With this post, I’m calling on all of those who know more than me to help me make this recipe work and rise at least a bit. The catch is, we’re following the Specific Carbohydrate Diet which eliminates all carbohydrates except for those in fruit, vegetables, nuts and honey. Therefore, this recipe has some limitations:
- Can’t use baking powder or yeast. The only leavening agent allowed is baking soda.
- Can’t use flour of any kind — whether gluten free or not. Only ground nuts, seeds, or coconut.
- Can’t use refined sugar or any alternative sweeteners except for honey. Fruit (fresh or dry) is okay. I used dates this time because I recently read that something in honey suffers a bad transformation when heated, but if I must go back to honey let me know… I can’t imagine that though; more liquid to this batter?
Having thrown that bomb to “typical” bakers, I’ll add… I want to preserve this flavor. I want more veggies than nuts if possible. I want it to have enough sweetness so a three-year-old eats it, but not too much because sugar is one of those things autistic kids should have less of. I really would love any tips you have on fixing my ratios, ingredients, the mixing process, or on any other variables that may be at work here.
So without further ado, this is what I did…
0.5 cup dates
0.5 cup nut flour (mostly almonds with a few pecans)
1.5 cup shredded carrot (2) and zucchini (1)
0.5 cup baked golden beets
0.5 cup baked butternut squash
a handful dry cocounut
1 tbsp coconut oil
2 pinches salt
1 tsp cinnamon
1 tsp vanilla
0.5 tsp nutmeg
0.5 tsp baking soda
juice from half an orange (1/3 to 1/2 cup)
How I mixed this
Ground all nuts and coconut in food processor until some butter started developing. I have never been able to get nut butter in my food processor with my soaked nuts (don’t know why), even if I let them process for ridiculous time spans like a full hour. So now, instead of waiting that long, I go to the point where I know not much else will happen, and I add one tbsp of coconut oil. That’s not enough to get butter either, yet that’s what I do most times when I don’t really need nut butter but I still like grinding nuts to the max within a reasonable time.
To the nuts and coconut oil, I added the dates and let them process enough until they looked like they blended very well in the mix. So the whole think looked like a brown clumpy buttery flour sort of thing. I reserved this in a bowl.

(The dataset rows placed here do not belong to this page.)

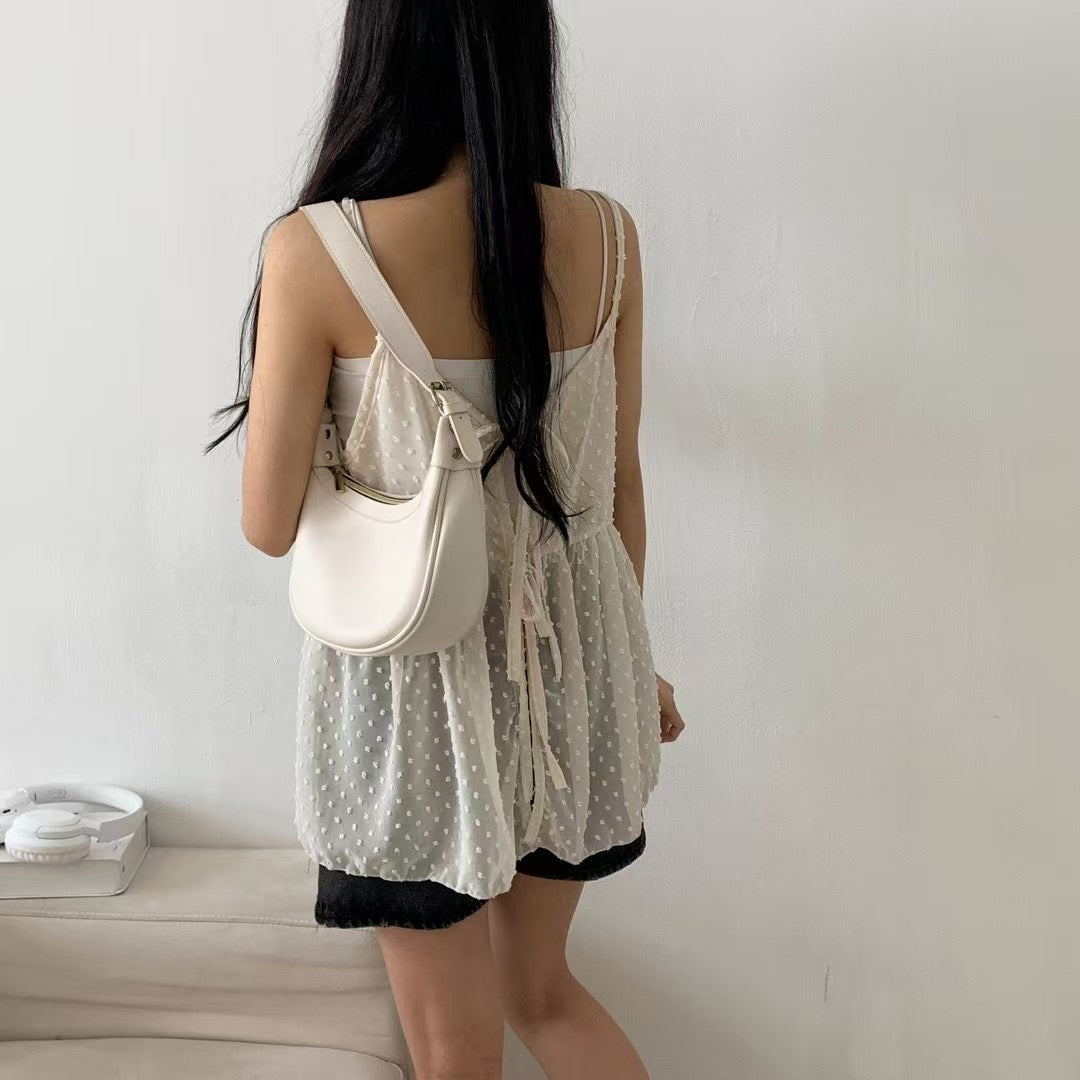 【˖⁺‧₊˚♡˚₊‧⁺˖早鳥外搭 | 前後可倒轉.ᐟ 蛋糕裙控 🍰 🍰】𝗖𝗮𝗸𝗲 𝗕𝗹𝗼𝘂𝘀𝗲 𝗢𝗣𝗦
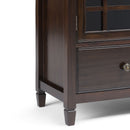Connaught - Tall Storage Cabinet by HouseOfZazla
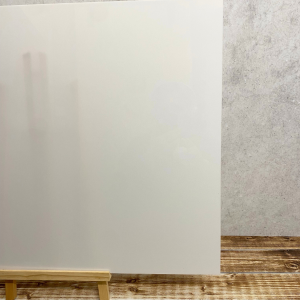 Tablica powitalna pleksi mleczna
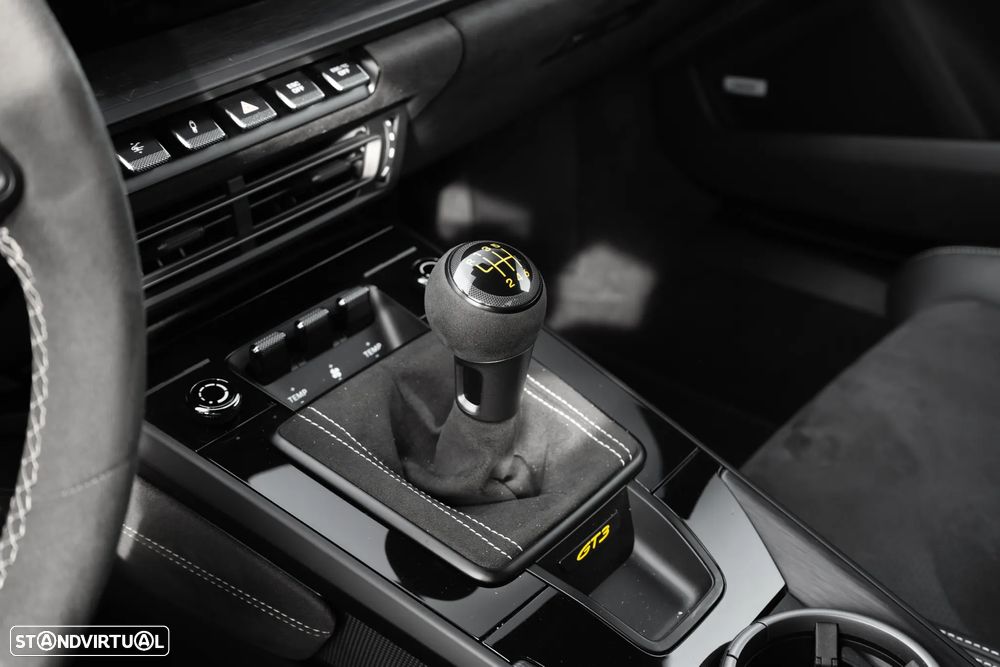 Porsche 911 (992) GT3 - 27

In the empty food processor, I processed the beets. Added the shredded carrots and zucchini, processed. Added two eggs, processed. Added the clumpy buttery nut flour with the dates, processed again — Good Lord! I like to process. I put this mix in a bowl.
Added salt, cinnamon, vanilla, nutmeg, and baking soda (in a dry spot so it wouldn’t start reacting)
In the food processor, pulsed the butternut squash and added an egg (originally was going to go for only two). Processed lightly and added this to the rest of the batter. Stirred it all and added the orange juice at the end.
Immediately loaded batter in previously greased muffin trays (coconut oil on bottom and sides — no liners) and baked them in a preheated oven at 350°F for 30 minutes.
This recipe is very much the same as the one I use for my carrot cake, except in that one I use honey instead of dates, and there’s 1.5 cups of nut flour to 1.5 cups of carrots, whereas in these muffins, I was trying to replace 1 cup of the nuts with squash and beets.